The Guardian reports that The Washington Post's Karen Tumulty became the first to connect Conway's statement and Orwell's novel in an appearance on CNN: "'Alternative facts' is a George Orwell phrase." Jean Seaton, a member of the British news outlet's panel on U.S. politics, takes things one step further:
Trump is not O’Brien. He is more like a cut-price version of Big Brother himself. Instead of the elite of Nineteen Eighty-Four, who keep Big Brother’s identity a mystery while they keep total control, this Big Brother, with his direct Twitter relationship with his followers, is fully on show. And as Orwell foresaw, his slogan could be “Ignorance is strength”. [sic]
To my knowledge, there is no Godwin's Law when it comes to invoking the specter of 1984, and Godwin's Law went out the window anyway when we started dealing with actual Nazis in U.S. politics. However, my minor paranoid tendencies generally discourage me from comparing anything in the real world to 1984, because the implications of that comparison are utterly terrifying. But Trump's antics within his first week in office have raised the hackles of totalitarian experts, who are already doling out advice on how to monitor subtle changes in your environment, so I think our comparisons are more Cassandra than Chicken Little.

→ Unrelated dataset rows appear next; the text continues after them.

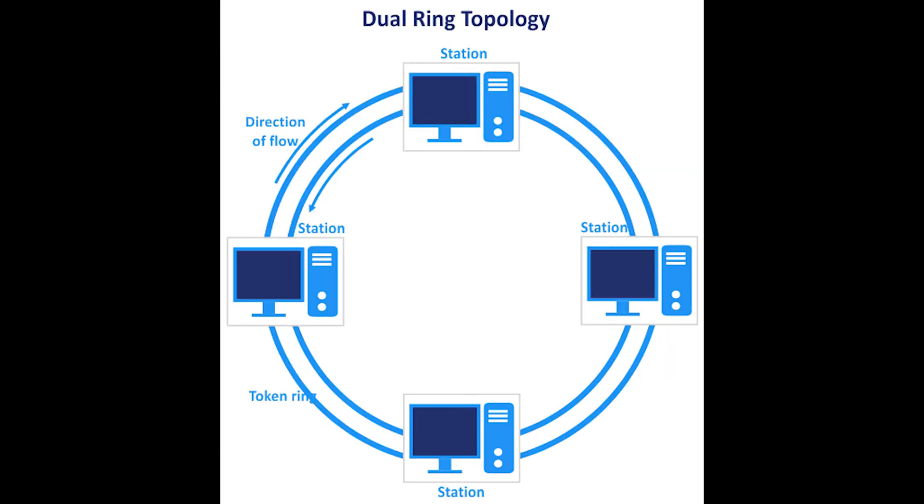A ring architecture has a drawback that if one node fails to send data, the entire network suffers. Therefore, some of the ring topology setups use dual ring structure to resolve this problem.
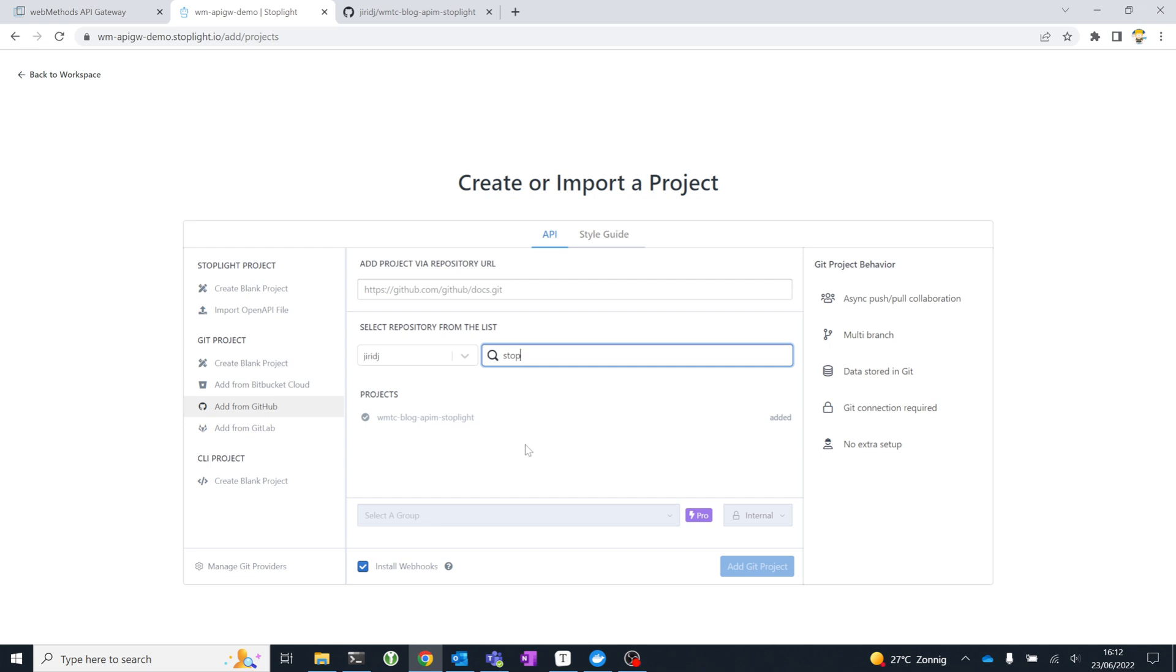Doing so will install webhooks that make sure that the project stays in sync. It will synchronize the Stoplight workspace with your GitHub repository. Any changes in GitHub will be reflected in the Stoplight workspace or in the project, and vice versa. Any changes you do in your Stoplight project when you design the API from scratch or updates and iterations, those will be committed and pushed into the GitHub repository.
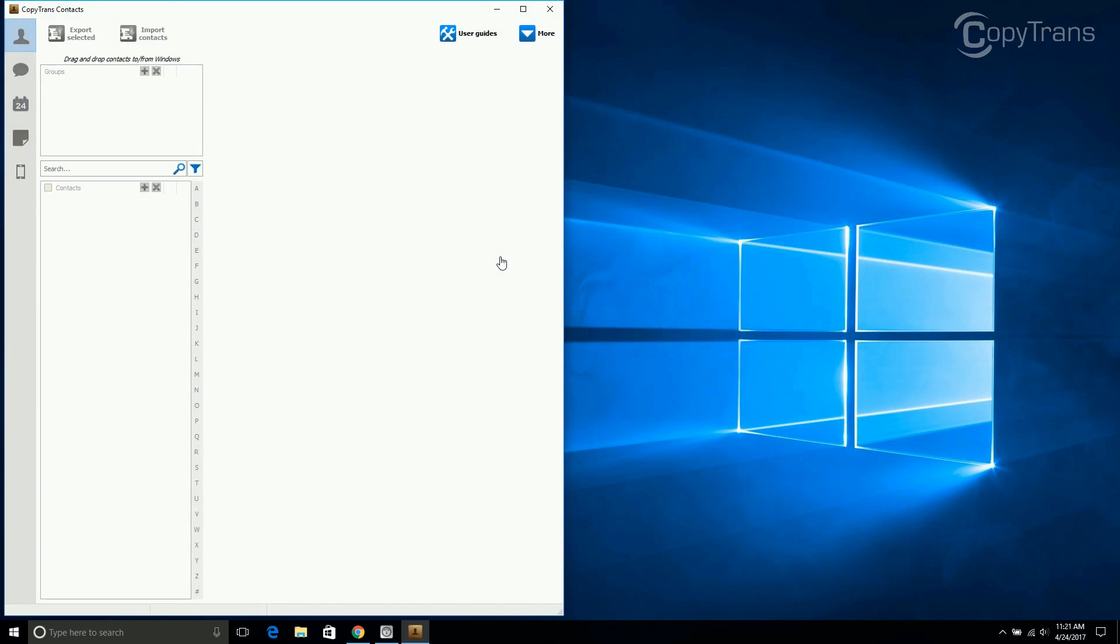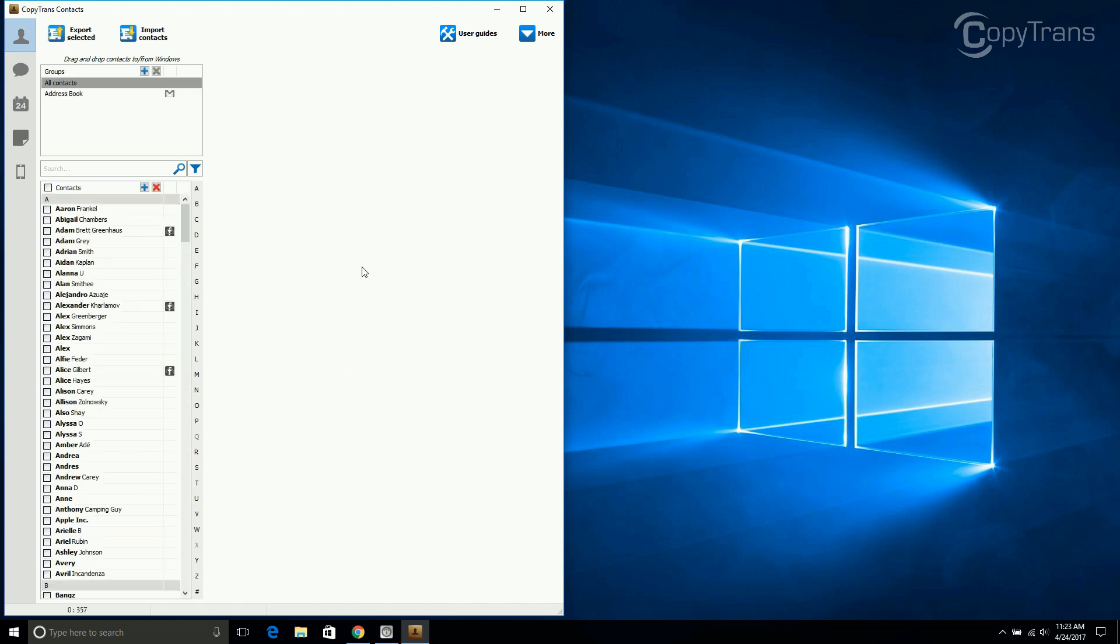Connect your iPhone and give the program time to load all your data. Once CopyTrans Contacts loads all your data, click on Import Contacts.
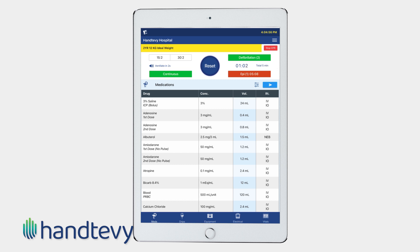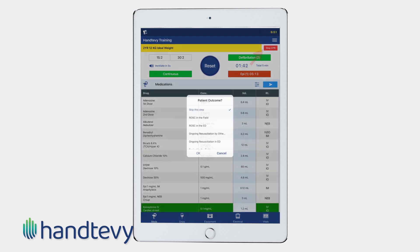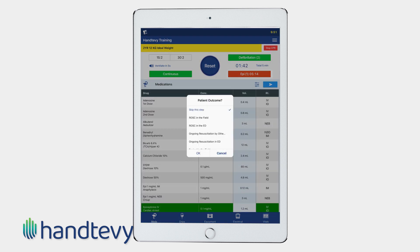Upon completion, document the outcome of the arrest by pressing stop CPR. All of these time intervals have been documented and can be reviewed during CQI.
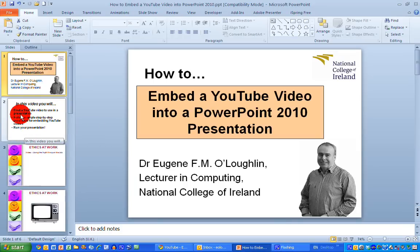Hi everybody, this is Eugene O'Loughlin, Lecturer in Computing at the National College of Ireland, and welcome to my series of how-to videos. In this short video, we're going to learn how to embed a YouTube video into a PowerPoint 2010 presentation.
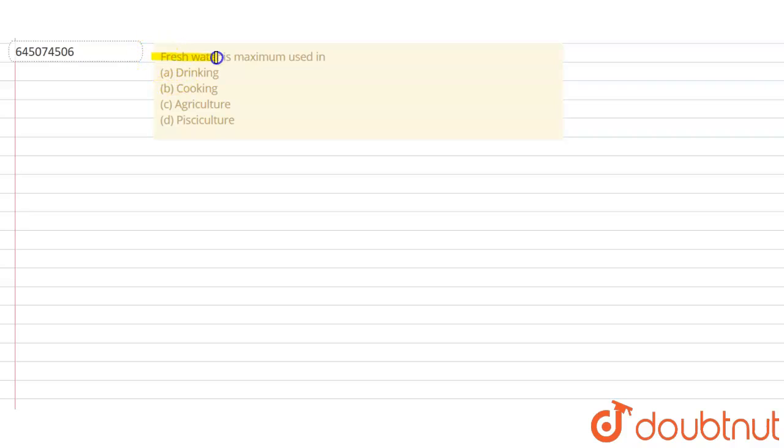Fresh water is maximum used in... okay, so we have to tell that fresh water is maximally used in which of the following options. Option A: drinking, option B: cooking, option C: agriculture, and option D: pisciculture. So they're asking about the maximum use of water occurs in which of these fields.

On Tuesday, with 1984 perched atop the bestseller list, New York Times book critic Michiko Kakutani tweeted an excerpt from the novel, with which I think it's best we close:
... the more important reason for the readjustment of the past is the need to safeguard the infallibility of the Party. It is not merely that speeches, statistics, and records of every kind must be constantly brought up to date in order to show that the predictions of the Party were in all cases right. It is also that no change in doctrine or in political alignment can ever be admitted. For to change one's mind, or even one's policy, is a confusion of weakness. If, for example, Eurasia or Eastasia (whichever it may be) is the enemy today, then that country must always have been the enemy. And if the facts say otherwise then the facts must be altered. Thus history is continuously rewritten.